**Exercise objective**
The answer must be an exact reproduction of the lines from the start of the records below through the line containing "Nike Blue and", and nothing more.

Caption-style text data
+-------+

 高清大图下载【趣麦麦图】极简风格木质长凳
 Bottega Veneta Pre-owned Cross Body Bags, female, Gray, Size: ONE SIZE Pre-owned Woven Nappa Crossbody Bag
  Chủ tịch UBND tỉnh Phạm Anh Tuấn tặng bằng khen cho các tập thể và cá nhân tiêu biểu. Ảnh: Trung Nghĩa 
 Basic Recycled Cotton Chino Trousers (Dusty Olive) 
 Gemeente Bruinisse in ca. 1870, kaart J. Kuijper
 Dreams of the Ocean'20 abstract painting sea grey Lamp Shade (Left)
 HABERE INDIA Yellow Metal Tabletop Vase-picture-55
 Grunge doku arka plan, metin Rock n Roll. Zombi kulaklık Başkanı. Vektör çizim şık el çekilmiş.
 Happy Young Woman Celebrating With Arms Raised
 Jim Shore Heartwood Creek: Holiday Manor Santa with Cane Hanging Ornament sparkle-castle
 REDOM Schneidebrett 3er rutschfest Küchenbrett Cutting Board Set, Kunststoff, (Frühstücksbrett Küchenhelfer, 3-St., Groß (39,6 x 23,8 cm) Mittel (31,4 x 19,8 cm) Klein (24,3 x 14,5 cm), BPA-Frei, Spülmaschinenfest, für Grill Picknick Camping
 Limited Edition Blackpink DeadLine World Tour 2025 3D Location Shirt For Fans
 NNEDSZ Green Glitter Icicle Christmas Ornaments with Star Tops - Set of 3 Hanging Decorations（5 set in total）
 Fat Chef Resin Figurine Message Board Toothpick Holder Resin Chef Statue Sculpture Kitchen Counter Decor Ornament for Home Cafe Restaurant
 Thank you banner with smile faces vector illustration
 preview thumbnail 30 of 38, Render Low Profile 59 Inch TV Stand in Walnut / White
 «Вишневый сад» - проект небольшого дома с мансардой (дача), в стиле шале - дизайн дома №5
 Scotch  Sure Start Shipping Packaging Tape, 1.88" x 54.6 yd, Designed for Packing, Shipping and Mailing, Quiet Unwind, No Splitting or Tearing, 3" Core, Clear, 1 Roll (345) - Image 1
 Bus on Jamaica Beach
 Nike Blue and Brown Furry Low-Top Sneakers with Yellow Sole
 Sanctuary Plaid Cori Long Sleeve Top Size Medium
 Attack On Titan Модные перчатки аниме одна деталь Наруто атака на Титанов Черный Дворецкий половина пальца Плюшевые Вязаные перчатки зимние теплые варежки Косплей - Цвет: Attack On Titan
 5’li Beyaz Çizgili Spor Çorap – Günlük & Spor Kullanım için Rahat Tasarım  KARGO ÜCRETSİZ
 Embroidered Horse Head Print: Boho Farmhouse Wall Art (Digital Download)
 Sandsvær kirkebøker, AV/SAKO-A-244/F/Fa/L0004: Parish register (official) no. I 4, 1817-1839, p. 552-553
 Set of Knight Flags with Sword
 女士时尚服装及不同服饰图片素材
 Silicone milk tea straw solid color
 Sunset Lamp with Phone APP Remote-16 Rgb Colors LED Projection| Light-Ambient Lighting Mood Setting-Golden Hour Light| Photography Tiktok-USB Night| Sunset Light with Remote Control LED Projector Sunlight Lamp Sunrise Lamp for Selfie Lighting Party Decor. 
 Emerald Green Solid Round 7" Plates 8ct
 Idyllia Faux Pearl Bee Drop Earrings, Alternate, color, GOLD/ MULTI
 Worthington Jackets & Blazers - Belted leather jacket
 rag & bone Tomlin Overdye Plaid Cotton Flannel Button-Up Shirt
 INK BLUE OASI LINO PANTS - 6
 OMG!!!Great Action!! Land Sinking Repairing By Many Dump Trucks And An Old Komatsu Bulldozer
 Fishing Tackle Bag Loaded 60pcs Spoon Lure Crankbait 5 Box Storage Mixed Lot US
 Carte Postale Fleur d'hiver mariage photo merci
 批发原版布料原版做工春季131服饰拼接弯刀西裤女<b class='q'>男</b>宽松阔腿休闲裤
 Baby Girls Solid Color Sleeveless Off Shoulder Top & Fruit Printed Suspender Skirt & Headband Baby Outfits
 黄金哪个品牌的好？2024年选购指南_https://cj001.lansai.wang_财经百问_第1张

+-------+

**Task output**
 高清大图下载【趣麦麦图】极简风格木质长凳
 Bottega Veneta Pre-owned Cross Body Bags, female, Gray, Size: ONE SIZE Pre-owned Woven Nappa Crossbody Bag
  Chủ tịch UBND tỉnh Phạm Anh Tuấn tặng bằng khen cho các tập thể và cá nhân tiêu biểu. Ảnh: Trung Nghĩa 
 Basic Recycled Cotton Chino Trousers (Dusty Olive) 
 Gemeente Bruinisse in ca. 1870, kaart J. Kuijper
 Dreams of the Ocean'20 abstract painting sea grey Lamp Shade (Left)
 HABERE INDIA Yellow Metal Tabletop Vase-picture-55
 Grunge doku arka plan, metin Rock n Roll. Zombi kulaklık Başkanı. Vektör çizim şık el çekilmiş.
 Happy Young Woman Celebrating With Arms Raised
 Jim Shore Heartwood Creek: Holiday Manor Santa with Cane Hanging Ornament sparkle-castle
 REDOM Schneidebrett 3er rutschfest Küchenbrett Cutting Board Set, Kunststoff, (Frühstücksbrett Küchenhelfer, 3-St., Groß (39,6 x 23,8 cm) Mittel (31,4 x 19,8 cm) Klein (24,3 x 14,5 cm), BPA-Frei, Spülmaschinenfest, für Grill Picknick Camping
 Limited Edition Blackpink DeadLine World Tour 2025 3D Location Shirt For Fans
 NNEDSZ Green Glitter Icicle Christmas Ornaments with Star Tops - Set of 3 Hanging Decorations（5 set in total）
 Fat Chef Resin Figurine Message Board Toothpick Holder Resin Chef Statue Sculpture Kitchen Counter Decor Ornament for Home Cafe Restaurant
 Thank you banner with smile faces vector illustration
 preview thumbnail 30 of 38, Render Low Profile 59 Inch TV Stand in Walnut / White
 «Вишневый сад» - проект небольшого дома с мансардой (дача), в стиле шале - дизайн дома №5
 Scotch  Sure Start Shipping Packaging Tape, 1.88" x 54.6 yd, Designed for Packing, Shipping and Mailing, Quiet Unwind, No Splitting or Tearing, 3" Core, Clear, 1 Roll (345) - Image 1
 Bus on Jamaica Beach
 Nike Blue and Brown Furry Low-Top Sneakers with Yellow Sole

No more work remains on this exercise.